• THE TASK
Skip every picture while you write out the records below, from the first line through the one that contains "SKODA SUPERB III", both ends kept.

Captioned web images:
*** Block opens ***

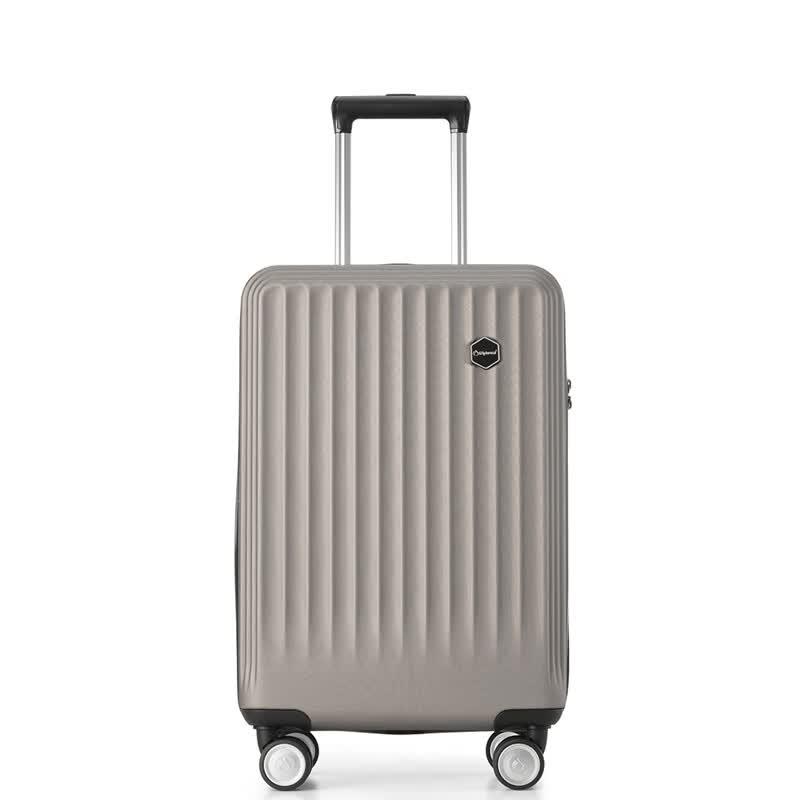 Чемодан на колесиках Diplomat HM-61183S Серия Hardside Spinner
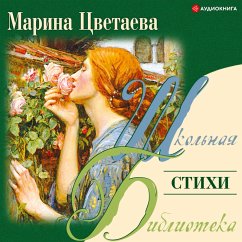 Stihi (MP3-Download) - Tsvetaeva, Marina Ivanovna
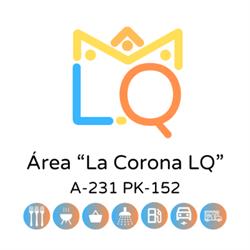 Horario de apertura LA CORONA Restaurante - Área Las Quintanillas, 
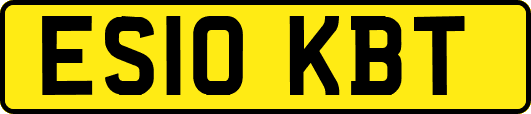 ES10KBT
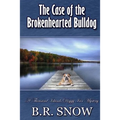 The Case of the Brokenhearted Bulldog - Paperback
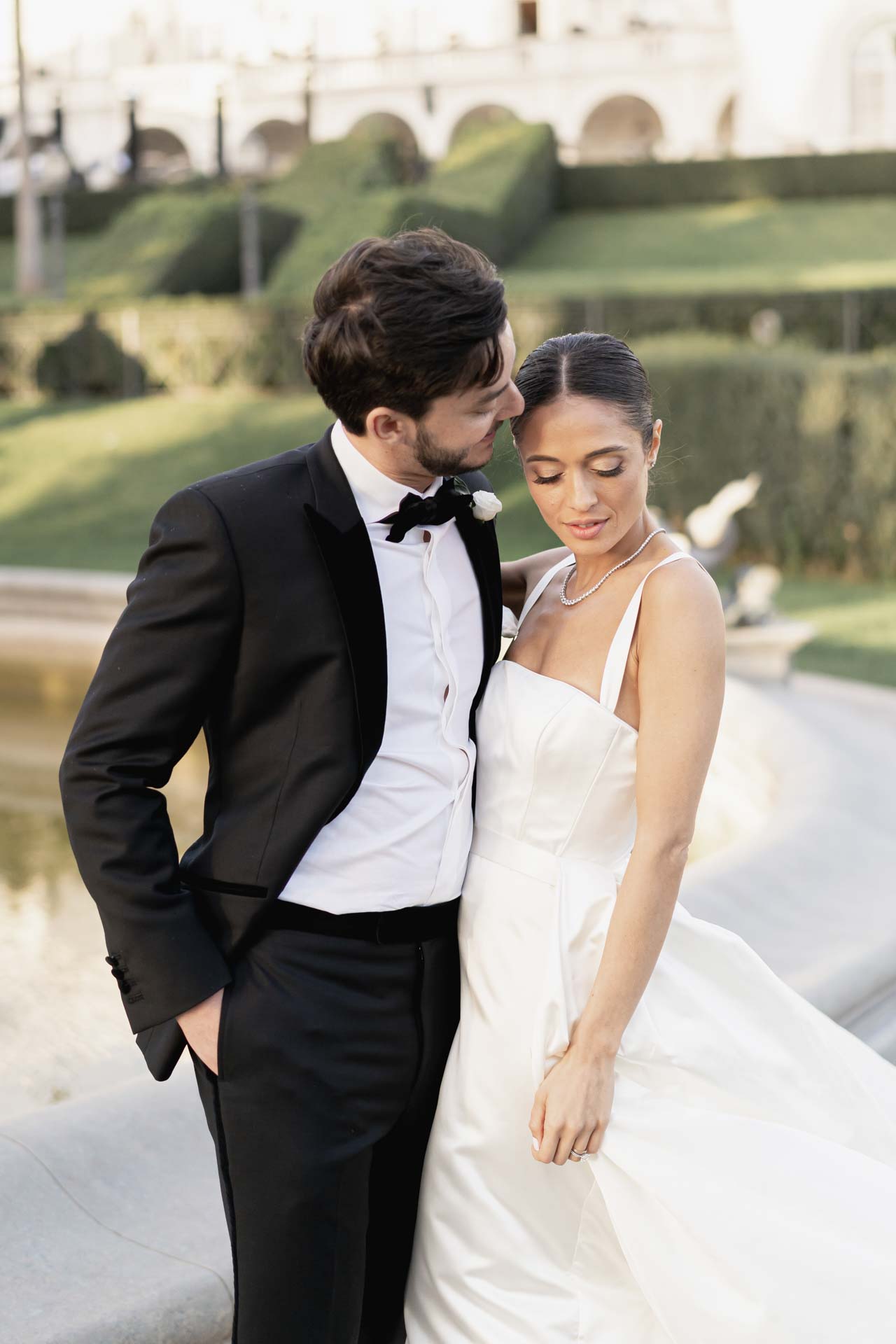 Georgia & Ronnie :: 55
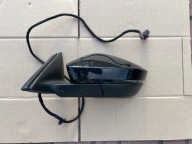 SKODA SUPERB III 3V1 2015-2023 LUSTERKO LEWE 15 PIN EUROPA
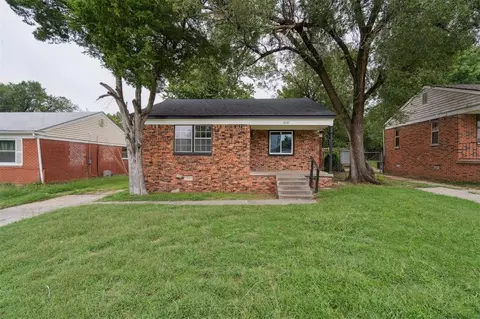 4141 NW 14th St, Oklahoma City, OK 73107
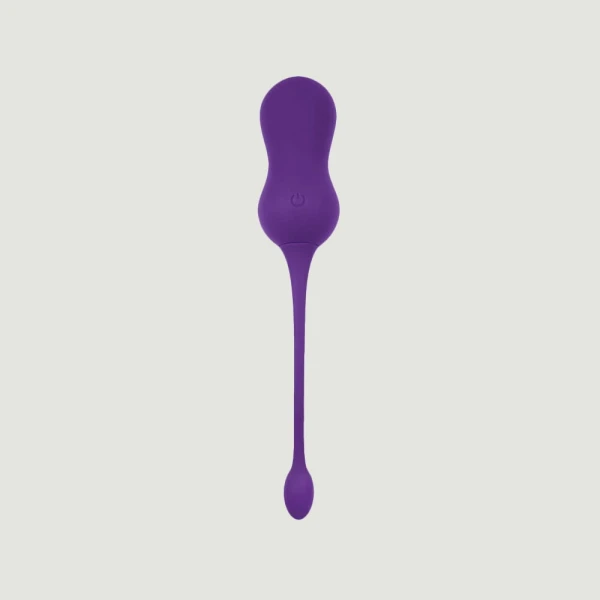 Playboy Pleasure Double Time Kegel Balls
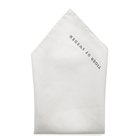 Tiger of Sweden Famiano. - White - ONE SIZE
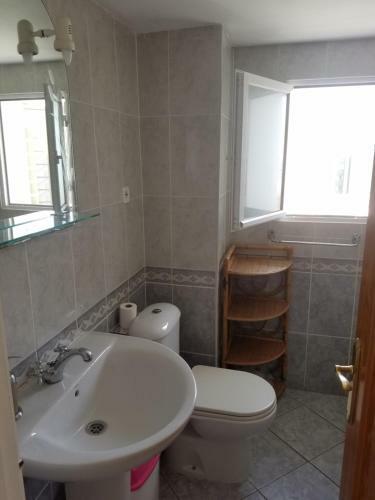 Hostal Apartamento Las Torres Con Vista Al Mar
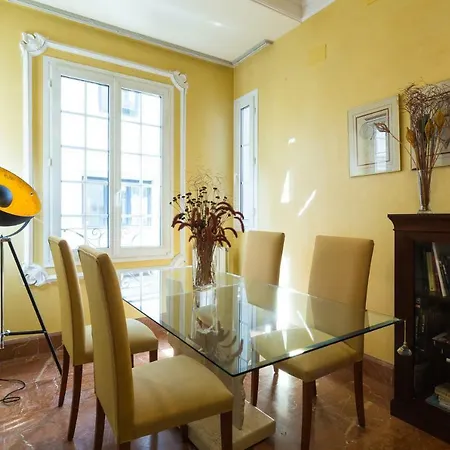 Veoapartment Florentin 1-1 Siviglia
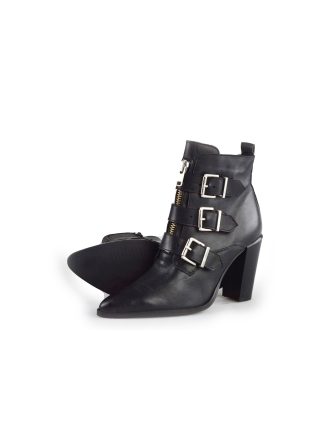 Ann Rocks Stiefeletten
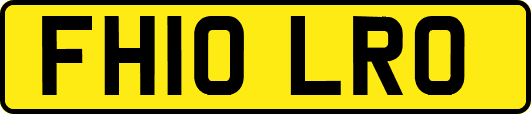 FH10LRO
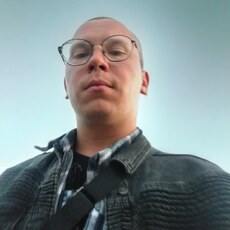 Фотография мужчины Елизар, 23 года из г. Москва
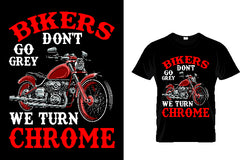 Next Print Motorcycles Design T-Shirts NPM1003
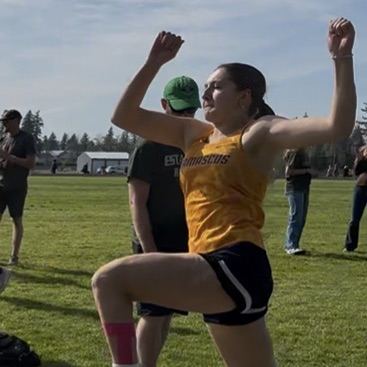 High School Track & Field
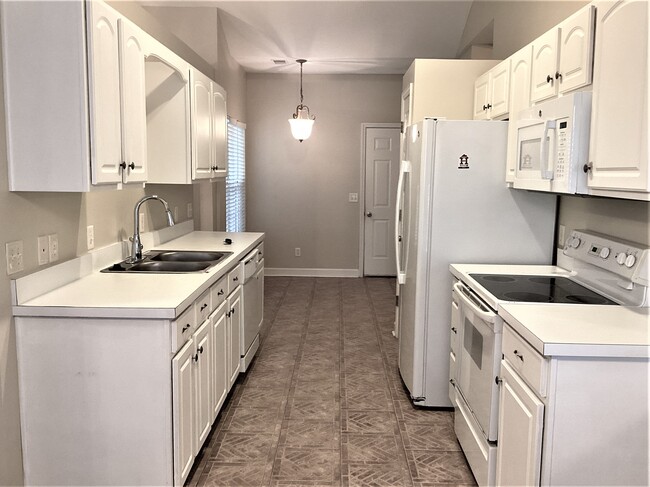 Building Photo - 20 Capers Creek Drive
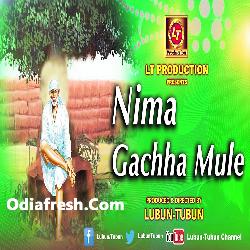 Nima Gachha Mule (Jhumki Rath) Odia Bhajan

*** Block closes ***

• RESULT BELOW
 Чемодан на колесиках Diplomat HM-61183S Серия Hardside Spinner
 Stihi (MP3-Download) - Tsvetaeva, Marina Ivanovna
 Horario de apertura LA CORONA Restaurante - Área Las Quintanillas, 
 ES10KBT
 The Case of the Brokenhearted Bulldog - Paperback
 Georgia & Ronnie :: 55
 SKODA SUPERB III 3V1 2015-2023 LUSTERKO LEWE 15 PIN EUROPA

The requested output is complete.